Homer Hoyt’s sector model refined this idea by recognizing that land use doesn’t always arrange itself in neat circles. Instead, similar types of development stretch outward in wedge-shaped sectors along transportation routes. A corridor of industrial use might follow a railroad line, while wealthier neighborhoods extend along a scenic highway.
The Harris and Ullman multiple nuclei model goes further, acknowledging that many cities don’t revolve around a single center at all. Instead, different clusters of activity (a university district, an airport zone, a suburban office park) each act as their own mini-centers, pulling development around them. This model reflects the reality of modern cities, where a downtown core is just one of many hubs.
The Space Between Urban and Rural
One of the trickiest parts of defining “urban” is that the boundary with rural land is rarely sharp. Most cities are surrounded by transitional zones where development gradually thins out. Geographers call these peri-urban areas, and they blend characteristics of both: you might find a new housing subdivision next to a working farm, or a warehouse district alongside open fields.

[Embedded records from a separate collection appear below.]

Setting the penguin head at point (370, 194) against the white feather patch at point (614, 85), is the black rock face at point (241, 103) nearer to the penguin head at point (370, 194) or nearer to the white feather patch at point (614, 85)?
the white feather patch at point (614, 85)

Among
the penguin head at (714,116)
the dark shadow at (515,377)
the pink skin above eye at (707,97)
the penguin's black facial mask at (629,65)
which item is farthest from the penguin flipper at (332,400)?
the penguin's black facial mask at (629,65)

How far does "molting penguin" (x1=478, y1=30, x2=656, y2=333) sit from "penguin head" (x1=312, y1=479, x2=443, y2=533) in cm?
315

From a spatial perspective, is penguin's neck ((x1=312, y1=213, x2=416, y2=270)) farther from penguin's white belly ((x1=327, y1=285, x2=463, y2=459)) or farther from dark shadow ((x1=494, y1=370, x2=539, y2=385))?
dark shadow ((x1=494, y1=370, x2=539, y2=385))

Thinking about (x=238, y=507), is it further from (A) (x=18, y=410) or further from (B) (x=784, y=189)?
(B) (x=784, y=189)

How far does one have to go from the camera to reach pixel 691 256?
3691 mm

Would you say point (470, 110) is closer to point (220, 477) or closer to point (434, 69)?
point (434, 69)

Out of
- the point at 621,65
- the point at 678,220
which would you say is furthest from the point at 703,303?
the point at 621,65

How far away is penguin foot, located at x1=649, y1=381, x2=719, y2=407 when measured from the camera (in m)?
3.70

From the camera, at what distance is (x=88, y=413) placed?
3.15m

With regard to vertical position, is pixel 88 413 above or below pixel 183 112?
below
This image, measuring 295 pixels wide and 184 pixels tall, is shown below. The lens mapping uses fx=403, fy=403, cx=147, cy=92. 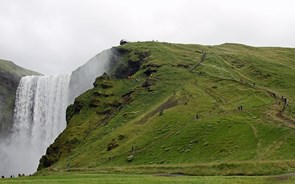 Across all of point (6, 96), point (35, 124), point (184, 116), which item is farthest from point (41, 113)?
point (184, 116)

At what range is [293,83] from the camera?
4806 inches

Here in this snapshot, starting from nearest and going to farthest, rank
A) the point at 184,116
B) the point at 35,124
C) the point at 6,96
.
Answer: the point at 184,116 < the point at 35,124 < the point at 6,96

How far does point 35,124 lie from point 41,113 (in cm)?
483

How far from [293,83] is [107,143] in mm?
62213

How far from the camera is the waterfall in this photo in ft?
493

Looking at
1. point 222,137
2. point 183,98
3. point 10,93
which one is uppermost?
point 10,93

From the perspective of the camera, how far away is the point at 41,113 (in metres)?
157

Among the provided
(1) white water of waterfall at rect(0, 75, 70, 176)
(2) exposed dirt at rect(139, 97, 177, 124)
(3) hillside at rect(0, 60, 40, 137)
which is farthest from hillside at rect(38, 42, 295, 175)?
(3) hillside at rect(0, 60, 40, 137)

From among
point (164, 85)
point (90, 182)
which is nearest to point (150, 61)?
point (164, 85)

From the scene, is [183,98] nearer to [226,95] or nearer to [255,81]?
[226,95]

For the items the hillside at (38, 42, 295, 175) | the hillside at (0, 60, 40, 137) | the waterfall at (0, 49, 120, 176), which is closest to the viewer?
the hillside at (38, 42, 295, 175)

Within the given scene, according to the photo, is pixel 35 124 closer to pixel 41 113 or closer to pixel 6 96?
pixel 41 113

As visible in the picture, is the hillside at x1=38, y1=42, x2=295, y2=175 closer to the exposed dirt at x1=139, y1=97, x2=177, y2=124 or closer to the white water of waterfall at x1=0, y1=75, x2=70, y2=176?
the exposed dirt at x1=139, y1=97, x2=177, y2=124

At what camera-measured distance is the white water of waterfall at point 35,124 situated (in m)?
149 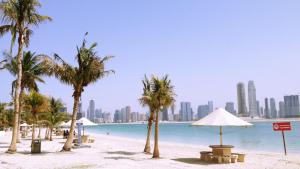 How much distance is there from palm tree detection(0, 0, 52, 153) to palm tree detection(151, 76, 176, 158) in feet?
23.8

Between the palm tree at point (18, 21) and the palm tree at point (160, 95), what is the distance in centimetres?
725

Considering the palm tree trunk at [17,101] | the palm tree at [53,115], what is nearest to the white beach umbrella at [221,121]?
Result: the palm tree trunk at [17,101]

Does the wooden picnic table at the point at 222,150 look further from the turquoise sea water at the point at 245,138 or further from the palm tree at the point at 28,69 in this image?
the palm tree at the point at 28,69

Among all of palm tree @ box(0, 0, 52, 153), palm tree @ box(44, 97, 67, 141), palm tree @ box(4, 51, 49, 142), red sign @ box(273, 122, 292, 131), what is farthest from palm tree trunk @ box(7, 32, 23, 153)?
palm tree @ box(44, 97, 67, 141)

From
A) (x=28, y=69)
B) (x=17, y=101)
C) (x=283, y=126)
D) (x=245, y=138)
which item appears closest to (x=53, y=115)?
(x=28, y=69)

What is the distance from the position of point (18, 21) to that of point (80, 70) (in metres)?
4.17

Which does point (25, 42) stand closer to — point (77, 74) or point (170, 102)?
point (77, 74)

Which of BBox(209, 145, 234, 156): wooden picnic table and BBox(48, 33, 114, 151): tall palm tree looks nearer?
BBox(209, 145, 234, 156): wooden picnic table

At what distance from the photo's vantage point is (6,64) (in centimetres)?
2583

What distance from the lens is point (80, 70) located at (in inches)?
717

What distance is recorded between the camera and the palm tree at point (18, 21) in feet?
55.2

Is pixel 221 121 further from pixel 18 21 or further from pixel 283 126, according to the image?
pixel 18 21

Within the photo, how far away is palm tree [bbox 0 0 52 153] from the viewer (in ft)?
55.2

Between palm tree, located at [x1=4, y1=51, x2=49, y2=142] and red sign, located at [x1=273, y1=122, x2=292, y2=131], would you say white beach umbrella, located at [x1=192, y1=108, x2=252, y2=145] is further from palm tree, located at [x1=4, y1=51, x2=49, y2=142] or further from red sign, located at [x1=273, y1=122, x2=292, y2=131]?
palm tree, located at [x1=4, y1=51, x2=49, y2=142] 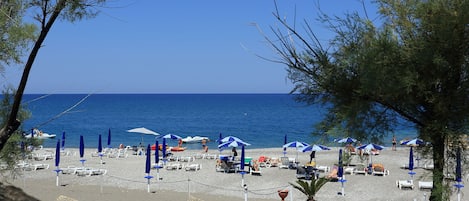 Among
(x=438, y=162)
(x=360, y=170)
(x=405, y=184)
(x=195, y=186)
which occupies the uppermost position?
(x=438, y=162)

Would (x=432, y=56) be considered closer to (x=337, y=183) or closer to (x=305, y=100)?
(x=305, y=100)

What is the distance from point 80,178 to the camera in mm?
19625

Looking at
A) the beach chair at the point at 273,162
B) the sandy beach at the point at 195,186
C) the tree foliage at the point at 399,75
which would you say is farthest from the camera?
the beach chair at the point at 273,162

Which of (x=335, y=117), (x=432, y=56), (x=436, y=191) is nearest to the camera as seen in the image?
(x=432, y=56)

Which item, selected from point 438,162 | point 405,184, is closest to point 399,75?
point 438,162

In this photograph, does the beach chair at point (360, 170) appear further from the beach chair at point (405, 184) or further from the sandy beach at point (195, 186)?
the beach chair at point (405, 184)

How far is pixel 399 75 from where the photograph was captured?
518 cm

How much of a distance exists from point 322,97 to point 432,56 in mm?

Edge cities are another feature of this in-between space. These are large concentrations of office buildings, retail, and employment that develop outside a traditional downtown, often near highway interchanges. They function like urban centers but sit within what was recently suburban or rural land. The existence of these transitional zones is one reason geographers increasingly think of urban and rural not as a binary but as a continuum, with many gradations in between.
Why the Definition Matters
How a country defines “urban” has real consequences. Government funding, infrastructure investment, political representation, and public services often depend on whether an area is classified as urban or rural. A place that falls just below the population threshold might miss out on transit funding or housing programs designed for cities. Researchers tracking global trends also need consistent definitions to make meaningful comparisons. If one country counts towns of 2,000 as urban and another sets the bar at 50,000, their urbanization rates look very different even if conditions on the ground are similar.
As of 2025, cities are home to about 45 percent of the world’s 8.2 billion people, with that share projected to keep climbing through 2050. Understanding what “urban” means in geography is really understanding where most of humanity now lives and how that built environment is organized, measured, and governed.